**Pictures with short captions**
>>>>

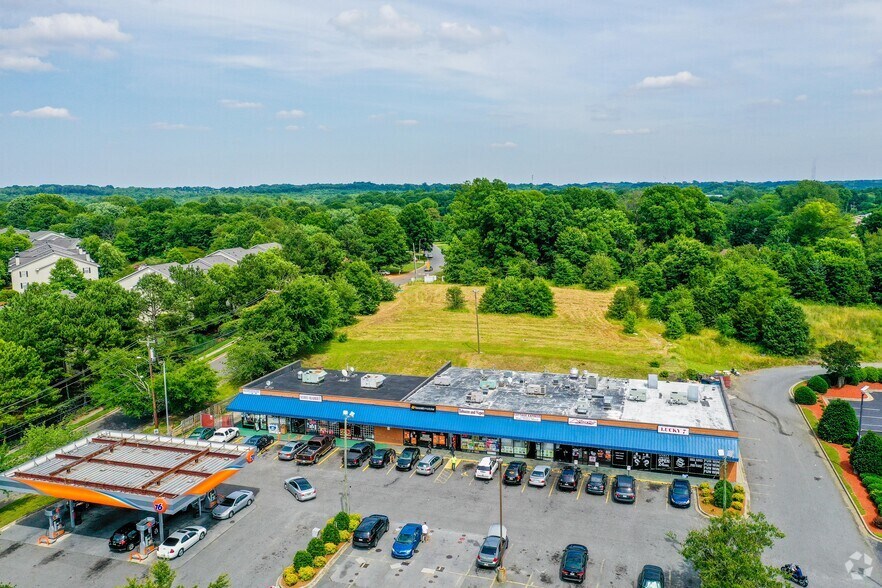 More Photos Of 7705 S Tryon St, Charlotte General Retail For Lease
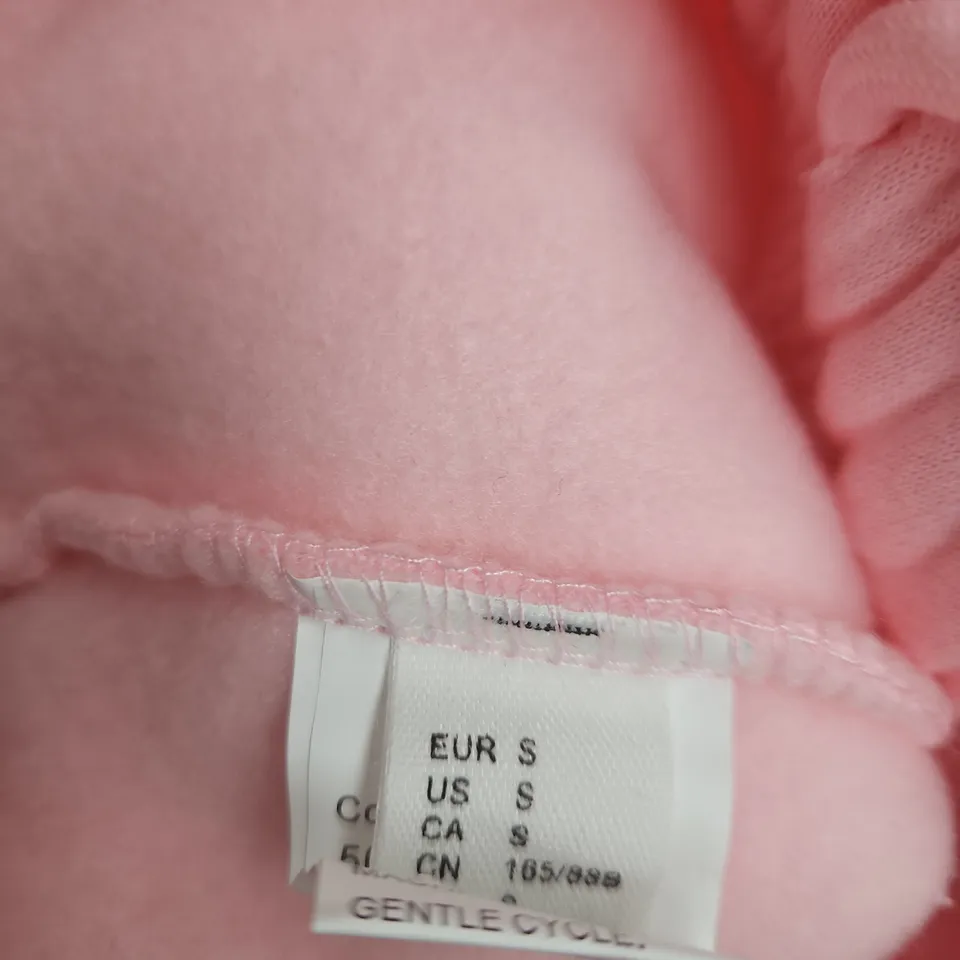 ALO YOGA PINK CROPPED HOODIE AND SHORTS – SIZE S (US/EU)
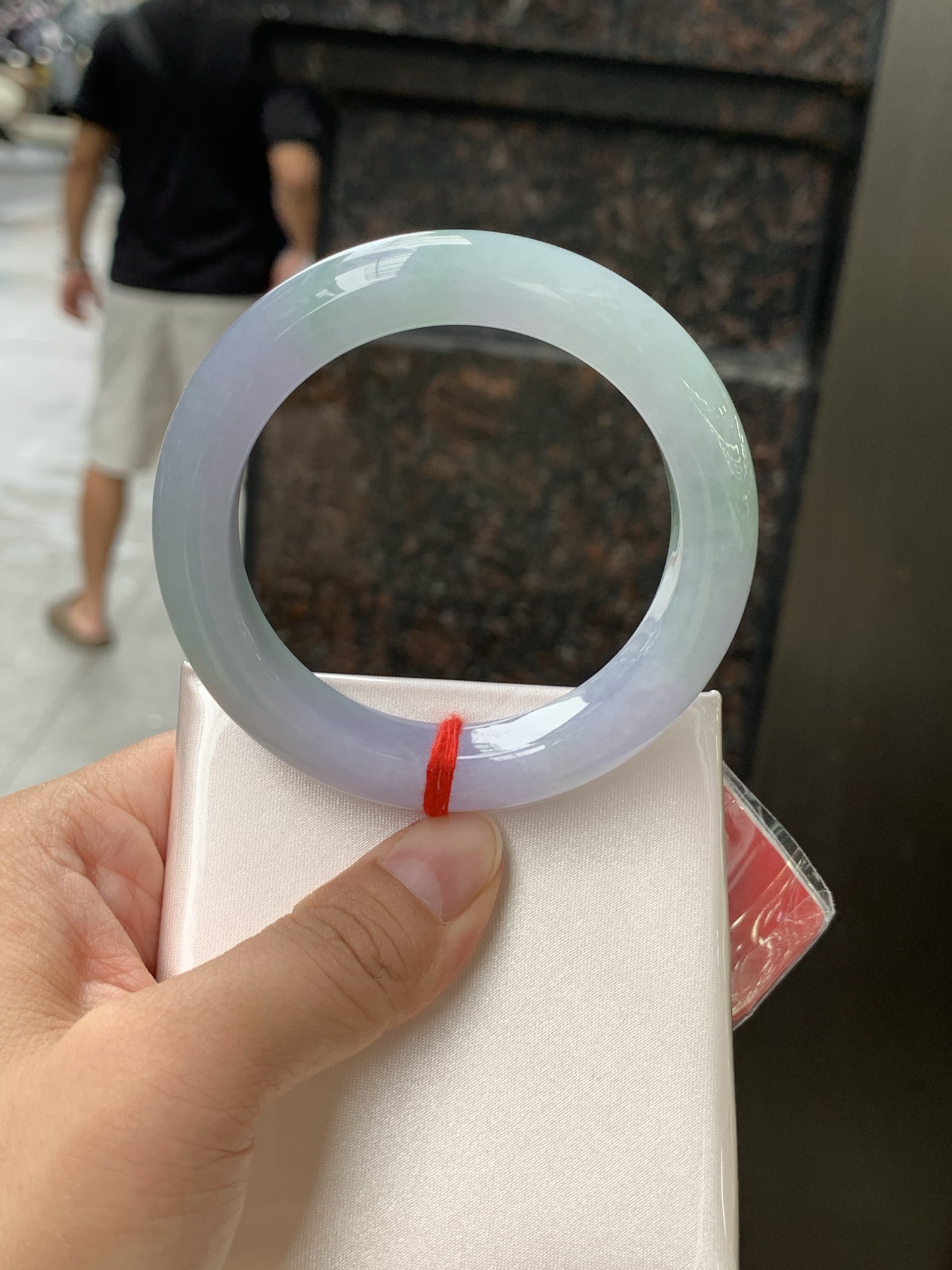春彩正圈 0628-N930-13 淡紫底色交织果绿底色，底妆细腻温润，色泽自然柔和，一镯双色，韵味独特，日常佩戴超显气质。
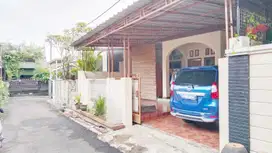 Jual komplek Pondok Damai, Jl. Tondano Ujung, Deket Polsek Depok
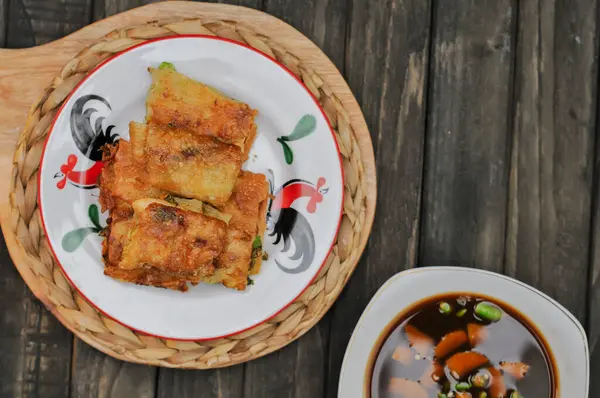 Martabak Mesir veya Martabak Kubang, yumurta, baharatlı et ve pırasa içeren un hamurundan yapılan bir aperatiftir. Tarif, makale, katalog veya herhangi bir ticari kullanım için mükemmeldir.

<<<<

Return all the data exactly, and keep the pictures out.

**Result**
 More Photos Of 7705 S Tryon St, Charlotte General Retail For Lease
 ALO YOGA PINK CROPPED HOODIE AND SHORTS – SIZE S (US/EU)
春彩正圈 0628-N930-13 淡紫底色交织果绿底色，底妆细腻温润，色泽自然柔和，一镯双色，韵味独特，日常佩戴超显气质。
 Jual komplek Pondok Damai, Jl. Tondano Ujung, Deket Polsek Depok
 Martabak Mesir veya Martabak Kubang, yumurta, baharatlı et ve pırasa içeren un hamurundan yapılan bir aperatiftir. Tarif, makale, katalog veya herhangi bir ticari kullanım için mükemmeldir.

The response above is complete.